A briefing note prepared by Davy’s Robert Stokes today said: ”While such disagreements are commonplace in public companies, they usually do not reach the public domain.
“The question arising for shareholders is whether the board and management can move on from this disagreement and seek other ways to invest the group’s capital.”
At the time of INM’s half-year results in August, Davy issued a briefing that said it was “hard to look beyond the staggering cash balance of the group”, which at the time was €24 million below the latest figure.
The company, which publishes the Irish Independent among other titles, paid off all its debts after reaping around €120 million from the sale of its stake in Australia-based APN News & Media last year.
Analysts suggested the management’s ability to create value from its cash pile would “determine the future trajectory of the group”.
The Irish Times today reported that the company INM was looking to acquire was Newstalk – and that the dispute between Pitt and Buckley centred on what was a fair price for the radio station.
Fora contacted INM’s press officer to confirm this, but he declined to comment.
The talk radio station is owned Denis O’Brien’s Communicorp, which also owns Today FM and Dublin’s 98FM, among other stations. O’Brien is also the largest shareholder in INM, the biggest newspaper publisher on the island of Ireland.
While the company owns seven national papers in the North and the Republic, including the Irish Independent, as well as 13 regional titles, a deal with Newstalk would have seen INM make its first foray into the radio market.
INM chief executive Robert Pitt has previously said the company was looking at both print businesses in Ireland and digital operations in the UK to continue its growth.
Last year INM posted its first revenue growth in eight years as digital ad sales took the pain out of sliding print ad and circulation revenues. It recorded a full-year operating profit of more than €37 million on revenue of €321 million.
However the company is yet to seal any significant digital deals, with its only major purchase in recent months a takeover of the Celtic Media Group, which publishes seven regional newspapers including the Anglo Celt, Meath Chronicle and Connaught Telegraph.
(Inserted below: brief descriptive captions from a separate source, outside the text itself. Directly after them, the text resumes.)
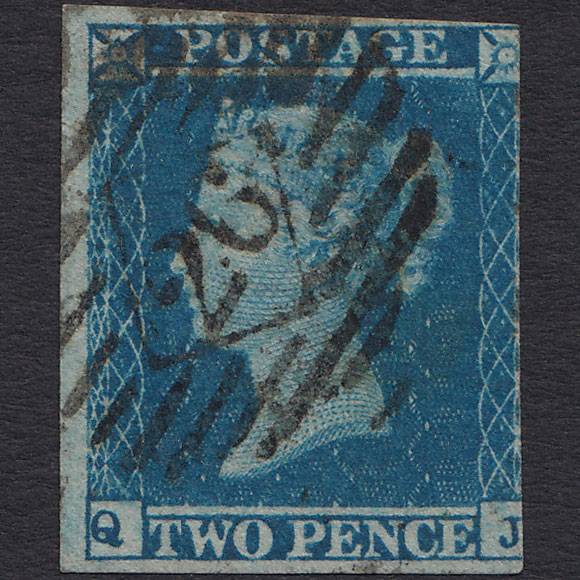 GB QV 1841 2d Blue (Plate 4) SG14-E1(2) QJ FU 3 Margins London IS 26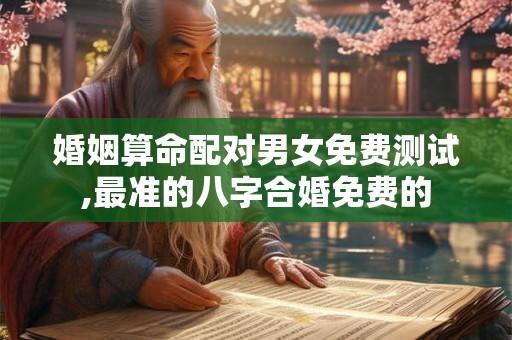 婚姻算命配对男女免费测试,最准的八字合婚免费的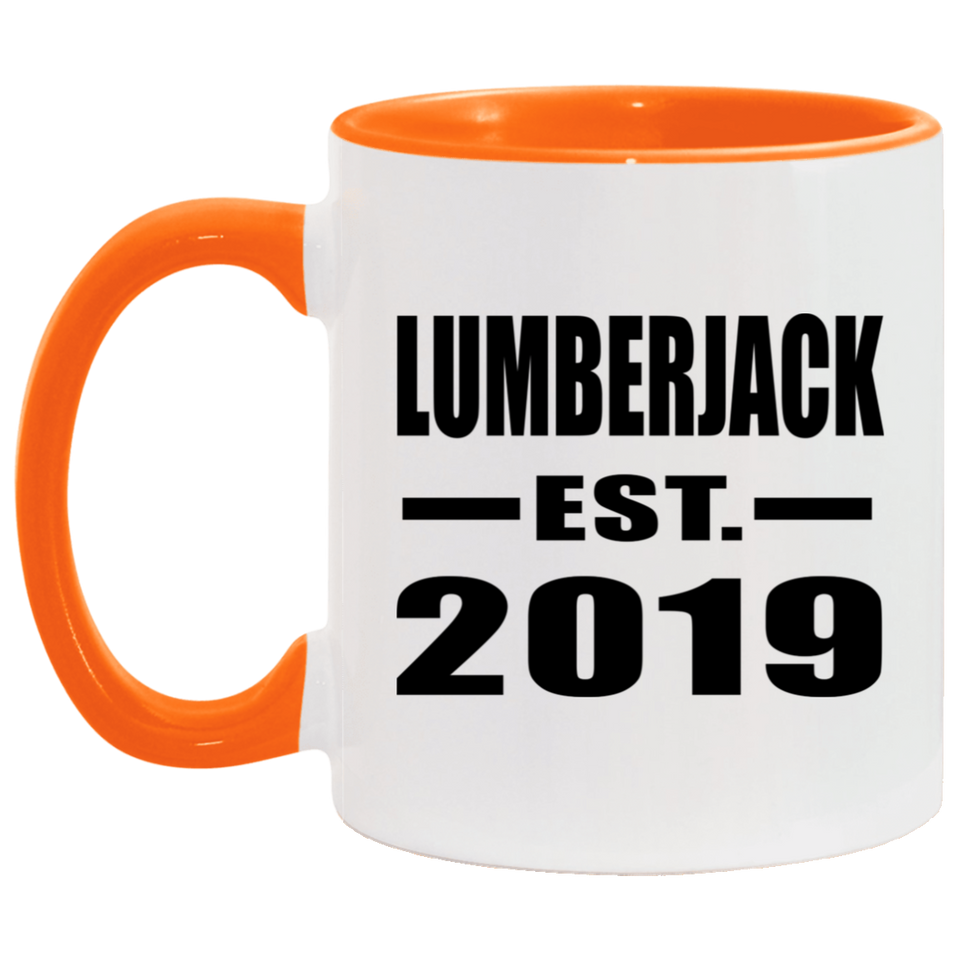Lumberjack Established EST. 2019 - 11oz Accent Mug Orange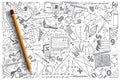 Hand drawn Mathematics vector doodle set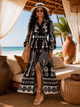 Long Sleeve Floral Maxi Dress : Tropic Tango | V-Neck Button-Up Belted Floral Print Maxi Dress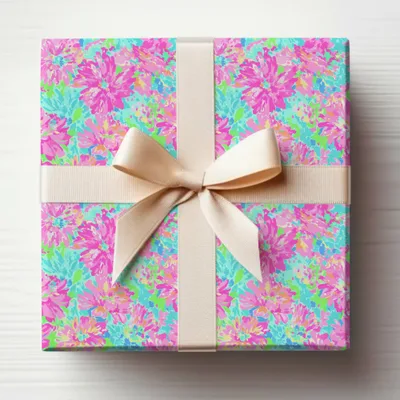 Vibrant Floral Digital Paper, Seamless Pattern, Pink Aqua Tropical Flowers, Summer Scrapbook Paper, Bright Background Digital Download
It was reported the media giant paid around €3.5 million for the group.
The company last year shuttered its voucher business, GrabOne, while it is also moving to wind up its costly defined-benefit pension scheme – although that plan will have to be cleared by shareholders and approved by the High Court.
Meanwhile, it was announced yesterday that Gervaise Slowey had resigned as chief executive of Communicorp and will be replaced by Adrian Serle, the former head of UK media company Orion at the end of the year. Slowey said her time at the come had “come to a natural end”.